Levantamento mostrou também que o número de pacientes que precisam de uma vaga em UTI chegou ao pior patamar desde o início da pandemia

Stéfano Salles e Thayana Araujo, da CNN, no Rio de Janeiro
07 de abril de 2021 às 08:26
Leitos de UTI no Hospital Ronaldo Gazzola, na zona norte do Rio de Janeiro
Leitos de UTI no Hospital Ronaldo Gazzola, na zona norte do Rio de Janeiro, durante pandemia da Covid-19
Foto: Wilton Júnior/Estadão Conteúdo (10.mar.2021)

Uma pesquisa da Associação de Medicina Intensiva Brasileira (Amib) mostra que a taxa de mortalidade de pacientes com até 45 anos que contraíram Covid-19 aumentou 193%, quando os meses de setembro, outubro e novembro de 2020 são comparados com fevereiro e março de 2021.

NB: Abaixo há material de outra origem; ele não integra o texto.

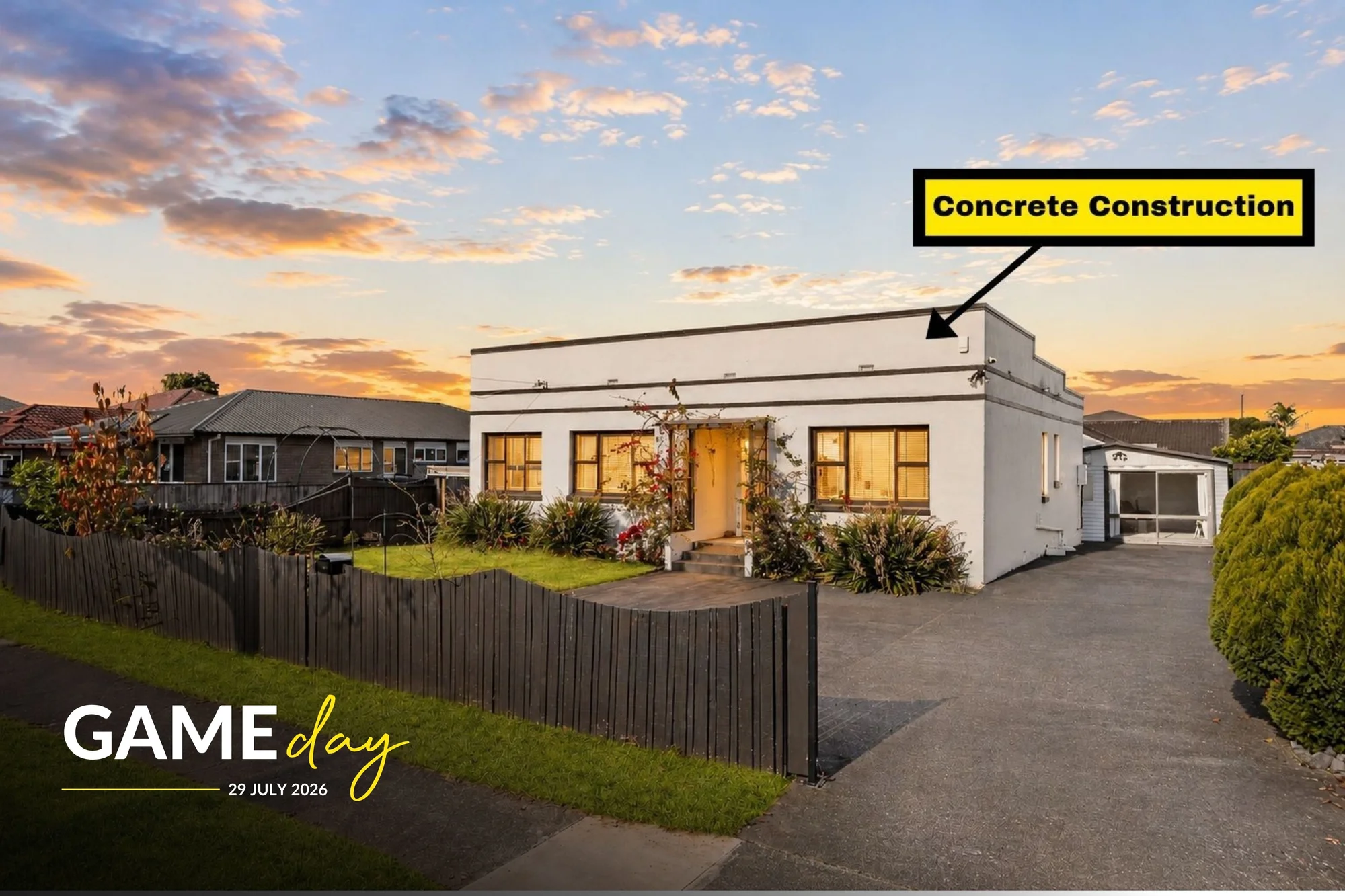 Papatoetoe 3房 #THEDAY - Urgent: Marriage Split Forces Sale!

A taxa de óbitos salta de 13,1% no primeiro período para 38,5% no segundo, de acordo com o estudo “Projeto UTIs Brasileiras”. 

A pesquisa mostra que a mortalidade hospitalar está em crescimento. Passou de 32% no trimestre formado por setembro, outubro e novembro de 2020 para 38% em dezembro, janeiro e fevereiro deste ano.

No caso dos pacientes que dependem de um respirador, a taxa sobe de 65,6% para 72,8% dentro do mesmo período. 

Na análise regional, o Norte enfrenta a pior situação do país com 62,4% de mortalidade geral e 80,1% na ventilação mecânica. O Sudeste apresenta os indicadores mais baixos: 33,2% e 70,9%, respectivamente. 

A piora dos indicadores é, de acordo com pesquisador Ederlon Rezende, coordenador do levantamento, fruto do agravamento das condições de operação do sistema de saúde. 

“Esse é o pior momento para ficar doente. Quem adoecer agora terá dificuldades para ser atendido, pode ter o azar de precisar aguardar a disponibilidade de um leito de terapia intensiva, em um CTI operando acima da capacidade, faltando insumos e etc. Isso tudo se reflete no aumento das taxas de mortalidade de todos os lugares e todas as idades”, avalia o médico. 

Mesmo entre os mais jovens, a situação de todo o país é preocupante. Em setembro, outubro e novembro de 2020, 43,2% dos pacientes entre 18 e 44 anos que dependiam de ventilação mecânica morreram. Já em dezembro, janeiro e fevereiro deste ano, o índice subiu para 51,1%. 

O estudo leva em conta um universo amostral com 20,8 mil leitos públicos e privados da rede UTIs Brasileiras.

Aplicação da vacina contra Covid-19 no Rio de Janeiro
Aplicação da vacina contra Covid-19 no Rio de Janeiro
Foto: Delmiro Júnior/Agência O Dia/Estadão Conteúdo (19.mar.2021)

Curiosamente, neste período, o perfil de internação dos pacientes dessa faixa etária não mudou tanto: passou de 18% para 20%. Já o de internados maiores de 80 anos caiu de 13,4% para 9,7%. Esse é o único dado comemorado pela pesquisa, como explica Rezende:

“Isso representa uma queda de 27,6% nas admissões de pacientes com esse perfil. Já é reflexo do avanço da campanha de vacinação dos idosos, certamente. Esse é um grupo que temos que nos esforçar para evitar que precise de terapia intensiva, porque são muito frágeis e, quando chegam, já estão em situação grave”, explica o médico, membro do comitê consultivo da AMIB. 

Rezende destaca que a proporção de internações de pacientes mais jovens não aumentou tanto em relação ao número de casos – esse número que disparou e foi responsável pela maior procura por leitos. 

“Dados da Fiocruz apontam que o contágio nesse público cresceu de forma extraordinária, atingindo até 500%. No geral, eles respondem bem, mas há também um aumento do número de pacientes que chegam ao estágio grave, dependendo de mais oxigênio, diálise e até do uso de pulmões artificiais. Quando se falava em grupos de risco para a doença, esse grupo ficou muito confiante, acreditou que estava imune, ou que apresentaria apenas sintomas leves, mas não é o que acontece”, conclui.